In engineering there is an adage: “if you are one step ahead, you are a genius; if you are two steps ahead, you are an idiot!” Perfect Rigor portrays Perelman as astonishingly naive, protected from the “real world” by the bizarre Soviet mathematical system. While this may have some truth, a number of Perelman’s actions may exhibit much foresight, like a champion chess player sacrificing a piece for subsequent gain. Is pretending not to notice the alleged anti-Semitism (Perelman is a Russian Jew) in the Soviet mathematical system naive or politically astute? Declining the Fields medal, as some have noted, attracted enormous attention to Perelman. He is now one of the best known recipients (or non-recipients in this case) of the Fields Medal. It also gave him a great deal of moral authority which he seems to have used effectively to fend off Shing-Tung Yau’s alleged attempt to steal credit for proving the Poincaré Conjecture. Refusing to grant interviews also means that Perelman probably has a great deal of leverage with journalists in the rare cases when he grants an interview, as he did with such great effect in The New Yorker in 2006.

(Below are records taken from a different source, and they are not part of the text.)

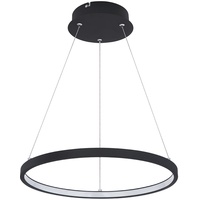 GLOBO Hängeleuchte rund LED Lampen Wohnzimmer hängend Modern, aus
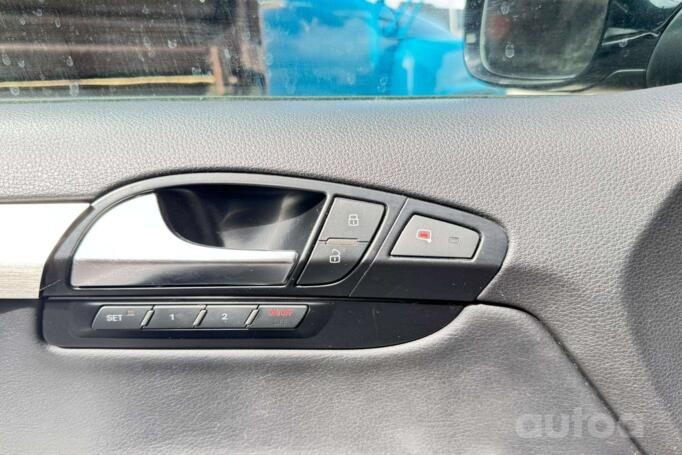 Audi Q7 4L [restyling] Crossover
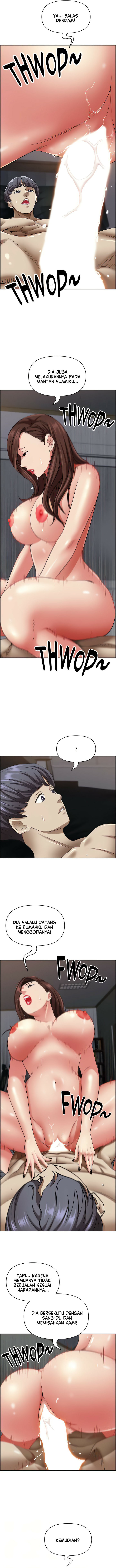 Living With A Married Woman: Chapter chapter-92 - Page 4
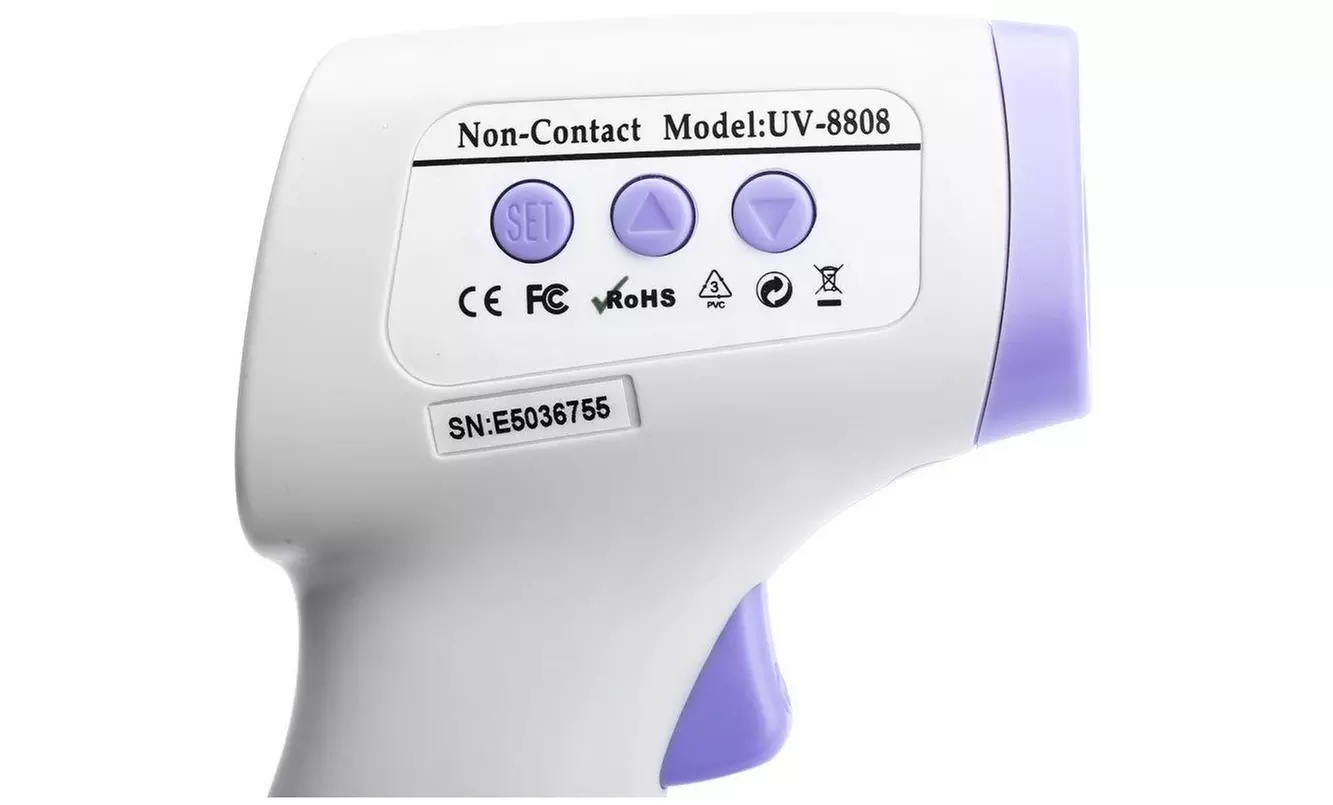 Digital Body Thermometer - Image 5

Perelman was a math prodigy, returning home with a gold medal and a perfect score from the 1982 International Math Olympiad. Prodigies are often not as successful as one might expect. Math and physics prodigies often flame out, sometimes catastrophically. While prodigies are more common among people who make major inventions and scientific discoveries than in the general population, they are not nearly as common as most people probably think. Perfect Rigor portrays Perelman’s success in proving the Poincaré Conjecture as a logical consequence of his youthful training and competition in the sometimes bizarre Soviet mathematical system. Since Perelman has revealed little about the process of his discovery, this is difficult to evaluate.

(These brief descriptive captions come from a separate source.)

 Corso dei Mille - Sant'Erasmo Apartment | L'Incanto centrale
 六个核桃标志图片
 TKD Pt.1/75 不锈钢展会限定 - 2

Prodigies often run into problems and don’t realize their seeming potential later in life. This has been observed in math, physics, and other fields for many generations. There are probably several causes. Some prodigies are probably frauds, manufactured by ambitious parents; that such people fail to make major breakthroughs is not surprising. Some prodigies are probably the product of a hothouse environment, driven or manipulated by parents or others to practice heavily and perform at an unusually high level that is difficult to sustain. As they get older and establish their own lives, other interests or needs intervene. Some prodigies undoubtedly fall afoul of politics that they are ill-prepared to deal with.

Academic homework, exams, competitions like the International Math Olympiad, admissions exams such as the SAT or GRE exams in the United States, specialized exams and competitions such as the famous Putnam math examinations, and so forth do not necessarily either teach or measure some of the skills required in actual invention or discovery. Exams and homework in math and physics tend to test the ability to accurately and quickly perform certain calculations or apply certain known mathematical methods to a problem. Some people either through heavy practice or rare natural ability can learn to perform these calculations rapidly with negligible error. This does not translate directly into the ability to handle unsolved research problems which often seem to require large amounts of frustrating trial and error and often deeper understanding of concepts, mental visualization, and so forth.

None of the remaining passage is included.